“Understand what a criminal is looking for, why they're going to attack you. Is it because of status, cash, ideology? Understand who the attackers are, why they're attacking you, what they're looking for, information access, data cache. And then you'll understand the persistence of the attack. You'll understand what you need to do to design security to deter that type of attack.” - Brett Johnson, Shadow Crew, the first organized cybercrime community. “Scale To Zero” Episode 2.
Several members of TM Connect and I have had this long-running conversation (really, disagreement): Must we understand attackers or not? Mr. Johnson, former and foundational attacker clearly validates my position that attacker knowledge is essential to understanding the following:
- Attack surfaces
- Lateral movements (steps of the attack towards attacker’s objectives)

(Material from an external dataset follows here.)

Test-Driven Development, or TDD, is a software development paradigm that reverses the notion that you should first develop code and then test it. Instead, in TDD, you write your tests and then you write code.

- What will be compromised and how (not every successful attack ends in a data breach. consider bot nets)
- Rating impacts properly
Take for example a diversity training platform that does not require financial information. There’s some sensitive personal information (PII), sure. Names of customers. Company trade secrets. All obvious.

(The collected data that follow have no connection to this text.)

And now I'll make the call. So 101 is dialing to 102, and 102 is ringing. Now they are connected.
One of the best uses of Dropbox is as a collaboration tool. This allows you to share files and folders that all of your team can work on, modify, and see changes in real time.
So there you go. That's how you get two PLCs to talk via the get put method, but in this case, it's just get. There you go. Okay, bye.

But when we think about potential attackers for this, very specific case, should we also consider those who fight to create monocultures? Facist activists who despise all talk, certainly any training that might involve exploring minority disadvantage, systemic racism? One of these activists’ explicit goal is to create their supposedly “pure” region and government? Are they going to allow an alternate viewpoint to exist, much less teach and advocate?
I would argue, “absolutely”: one must know one’s potential attackers. The attackers I just described may have little interest in any of the obvious targets (impacts). DDOS will not be enough, I suspect.
Know your attackers!
I perhaps I dare to open one of TM’s nastier can of worms? Let’s go for it!